=== TASK INSTRUCTIONS ===
Below this line are records; transcribe exactly the lines between the one holding "424 Paulcrest Ave, Lehigh Acres, FL 33974" and the one holding "Москвичей ждут морозы и снег на Рождество", inclusive, and omit the pictures.

=== EXERCISE DATA ===
○ ○ ○ ○ ○ ○ ○

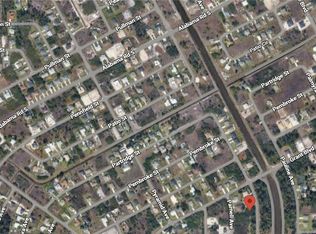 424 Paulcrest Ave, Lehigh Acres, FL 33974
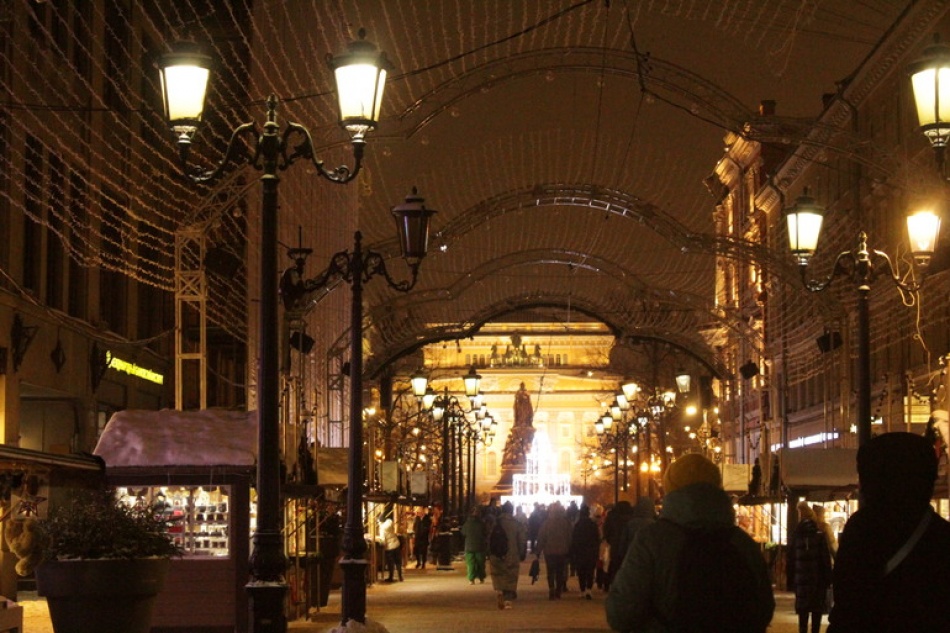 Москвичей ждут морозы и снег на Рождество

○ ○ ○ ○ ○ ○ ○

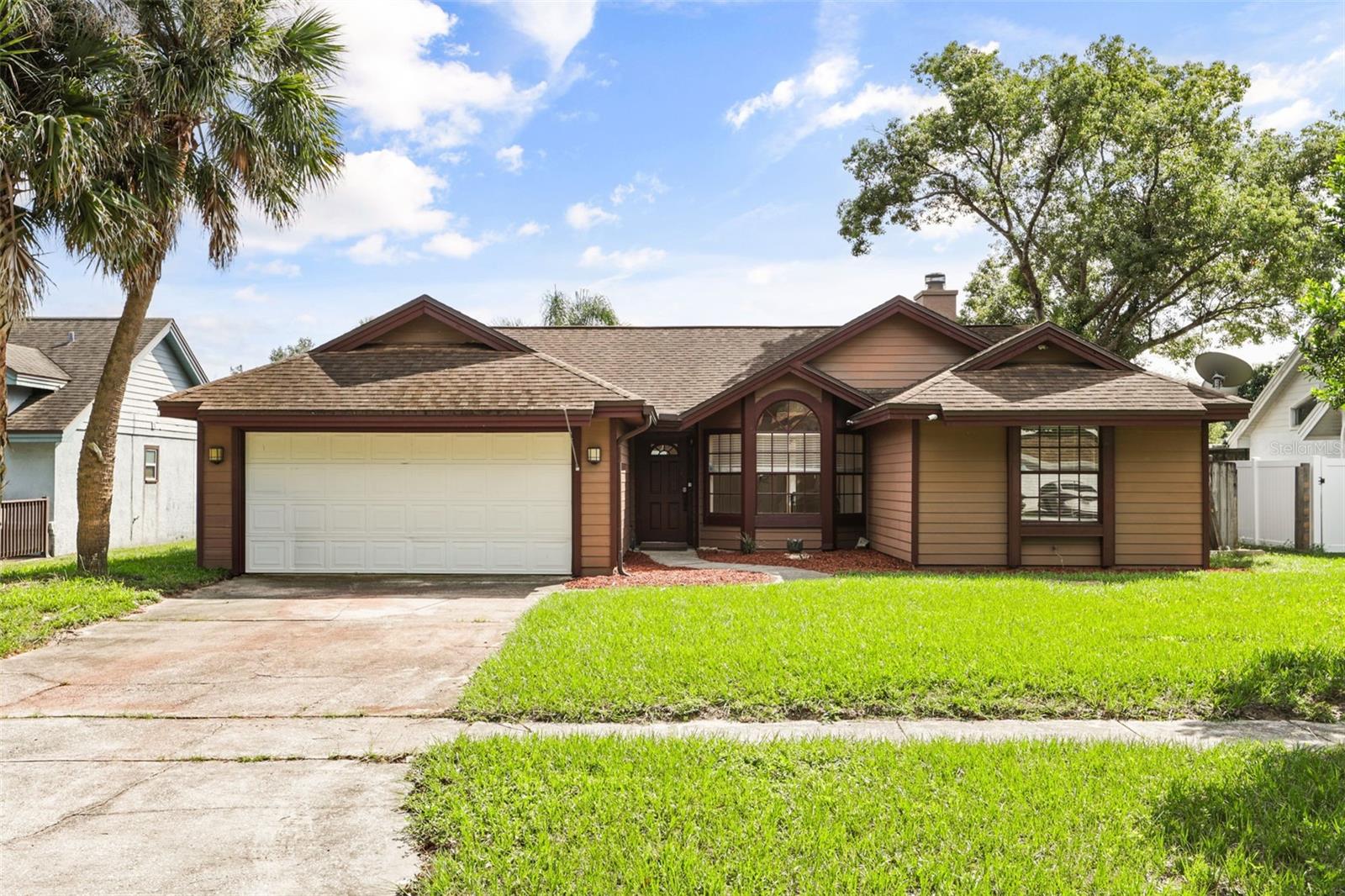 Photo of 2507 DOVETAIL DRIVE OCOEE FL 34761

○ ○ ○ ○ ○ ○ ○

=== RESPONSE AREA ===
 424 Paulcrest Ave, Lehigh Acres, FL 33974
 Москвичей ждут морозы и снег на Рождество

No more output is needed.